Crawled caption data:
————
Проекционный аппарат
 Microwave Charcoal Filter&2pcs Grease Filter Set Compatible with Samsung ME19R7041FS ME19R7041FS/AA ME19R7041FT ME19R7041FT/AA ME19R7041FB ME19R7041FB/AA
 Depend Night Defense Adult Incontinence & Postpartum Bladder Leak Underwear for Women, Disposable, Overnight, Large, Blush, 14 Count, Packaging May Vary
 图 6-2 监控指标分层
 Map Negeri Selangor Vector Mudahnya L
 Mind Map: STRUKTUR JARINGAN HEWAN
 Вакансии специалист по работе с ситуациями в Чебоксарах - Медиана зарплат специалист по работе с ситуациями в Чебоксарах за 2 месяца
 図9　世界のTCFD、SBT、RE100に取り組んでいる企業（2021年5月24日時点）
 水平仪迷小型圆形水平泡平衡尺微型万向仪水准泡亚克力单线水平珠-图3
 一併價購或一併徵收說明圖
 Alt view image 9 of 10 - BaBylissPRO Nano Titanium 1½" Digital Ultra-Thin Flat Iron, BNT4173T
————
PROBLEM TO WORK ON:
Please copy each entry. Leave nothing out.

SOLUTION FOR THIS TASK:
Проекционный аппарат
 Microwave Charcoal Filter&2pcs Grease Filter Set Compatible with Samsung ME19R7041FS ME19R7041FS/AA ME19R7041FT ME19R7041FT/AA ME19R7041FB ME19R7041FB/AA
 Depend Night Defense Adult Incontinence & Postpartum Bladder Leak Underwear for Women, Disposable, Overnight, Large, Blush, 14 Count, Packaging May Vary
 图 6-2 监控指标分层
 Map Negeri Selangor Vector Mudahnya L
 Mind Map: STRUKTUR JARINGAN HEWAN
 Вакансии специалист по работе с ситуациями в Чебоксарах - Медиана зарплат специалист по работе с ситуациями в Чебоксарах за 2 месяца
 図9　世界のTCFD、SBT、RE100に取り組んでいる企業（2021年5月24日時点）
 水平仪迷小型圆形水平泡平衡尺微型万向仪水准泡亚克力单线水平珠-图3
 一併價購或一併徵收說明圖
 Alt view image 9 of 10 - BaBylissPRO Nano Titanium 1½" Digital Ultra-Thin Flat Iron, BNT4173T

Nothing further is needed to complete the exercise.